On Live at: The South Shore Farmers Market, the veteran Cream City folkie’s 15-song set attracted a significant crowd amid a bevy of produce and handicrafts shoppers. Some of his numbers derive from his previous albums, a few are dry runs for the more recent Digging Out in the Heartland, and one is a melodically winsome musing on the unusual nature of his playing at such a place as a farmers market. Though it may not have been his usual time for gigging, his voice and guitar mastery are no worse for being employed at an earlier hour. Live closes with a studio-recorded ode to Milwaukee County’s Oak Leaf Trail biking and hiking path, written at the behest of one of the co-authors of a recent book about it.
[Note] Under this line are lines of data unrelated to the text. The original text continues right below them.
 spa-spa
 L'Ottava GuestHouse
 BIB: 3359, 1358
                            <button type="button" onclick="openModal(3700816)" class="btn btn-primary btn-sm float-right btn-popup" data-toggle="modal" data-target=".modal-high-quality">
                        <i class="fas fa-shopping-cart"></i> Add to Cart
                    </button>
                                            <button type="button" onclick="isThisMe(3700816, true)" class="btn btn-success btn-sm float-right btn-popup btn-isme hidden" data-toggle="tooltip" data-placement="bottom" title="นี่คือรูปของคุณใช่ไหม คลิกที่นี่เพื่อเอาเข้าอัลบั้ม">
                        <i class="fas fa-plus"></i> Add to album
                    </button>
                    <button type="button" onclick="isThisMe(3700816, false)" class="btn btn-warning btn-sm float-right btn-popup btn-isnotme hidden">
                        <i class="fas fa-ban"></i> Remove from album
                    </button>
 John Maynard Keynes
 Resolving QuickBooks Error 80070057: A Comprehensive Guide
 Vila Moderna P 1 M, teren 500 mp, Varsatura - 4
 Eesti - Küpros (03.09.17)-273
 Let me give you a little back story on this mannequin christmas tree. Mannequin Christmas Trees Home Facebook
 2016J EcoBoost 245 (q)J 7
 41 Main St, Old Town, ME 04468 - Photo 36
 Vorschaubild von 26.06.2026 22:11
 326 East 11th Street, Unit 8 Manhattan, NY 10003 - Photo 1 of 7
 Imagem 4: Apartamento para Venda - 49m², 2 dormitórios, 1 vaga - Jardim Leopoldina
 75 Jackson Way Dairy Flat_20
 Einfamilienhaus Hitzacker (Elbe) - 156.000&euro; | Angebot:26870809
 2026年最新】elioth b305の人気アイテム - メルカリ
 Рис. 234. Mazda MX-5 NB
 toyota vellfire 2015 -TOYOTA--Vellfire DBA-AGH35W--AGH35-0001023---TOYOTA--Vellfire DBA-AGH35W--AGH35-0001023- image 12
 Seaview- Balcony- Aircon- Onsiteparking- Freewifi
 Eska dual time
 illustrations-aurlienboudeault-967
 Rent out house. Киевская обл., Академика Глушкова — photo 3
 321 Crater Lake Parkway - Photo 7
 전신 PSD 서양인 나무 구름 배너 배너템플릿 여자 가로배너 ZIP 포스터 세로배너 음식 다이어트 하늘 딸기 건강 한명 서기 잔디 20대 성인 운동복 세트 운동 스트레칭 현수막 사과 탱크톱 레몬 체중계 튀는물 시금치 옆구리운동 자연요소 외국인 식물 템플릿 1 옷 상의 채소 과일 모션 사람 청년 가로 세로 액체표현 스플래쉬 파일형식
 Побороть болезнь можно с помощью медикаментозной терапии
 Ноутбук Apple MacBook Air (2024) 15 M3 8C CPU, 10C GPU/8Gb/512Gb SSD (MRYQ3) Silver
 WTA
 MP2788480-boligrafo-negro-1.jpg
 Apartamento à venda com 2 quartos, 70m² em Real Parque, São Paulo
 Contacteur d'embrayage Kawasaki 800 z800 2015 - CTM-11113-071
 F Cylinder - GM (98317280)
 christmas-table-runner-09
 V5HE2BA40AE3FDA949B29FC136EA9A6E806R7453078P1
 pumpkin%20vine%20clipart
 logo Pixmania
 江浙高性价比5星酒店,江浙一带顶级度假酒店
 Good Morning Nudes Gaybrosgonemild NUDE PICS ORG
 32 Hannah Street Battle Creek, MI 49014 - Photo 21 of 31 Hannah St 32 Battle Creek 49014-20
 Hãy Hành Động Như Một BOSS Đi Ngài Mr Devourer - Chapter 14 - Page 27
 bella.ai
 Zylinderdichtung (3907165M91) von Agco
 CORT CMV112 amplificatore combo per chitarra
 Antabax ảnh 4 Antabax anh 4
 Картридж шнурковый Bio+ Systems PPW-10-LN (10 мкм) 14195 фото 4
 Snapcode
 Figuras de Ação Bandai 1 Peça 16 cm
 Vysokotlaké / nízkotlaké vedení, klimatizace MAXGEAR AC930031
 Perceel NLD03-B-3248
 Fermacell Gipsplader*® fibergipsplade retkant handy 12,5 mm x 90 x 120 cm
That number’s ambling groove sounds like a transition to some of the best of Stano’s latest studio effort. Digging Out in the Heartland is a uniformly engaging set of minimal, modern folk. The accompaniment isn’t much more elaborate than his farmers market outing. But it can be memorable when his friends and he make the effort to add more, like the Dixieland clarinet on Stano’s comical grousing about his efforts to get into heaven being met with resistance from St. Peter. In the main, though, Digging balances songs about loneliness, be it as a one-man band or a divorcee, with others about fellowship with his dad or fellow musicians. His vocal resemblance to John Prine may be a plus for some, but Stano’s songwriting voice is his own, apt for the folksinger’s task of chronicling the local while relating it to the universal.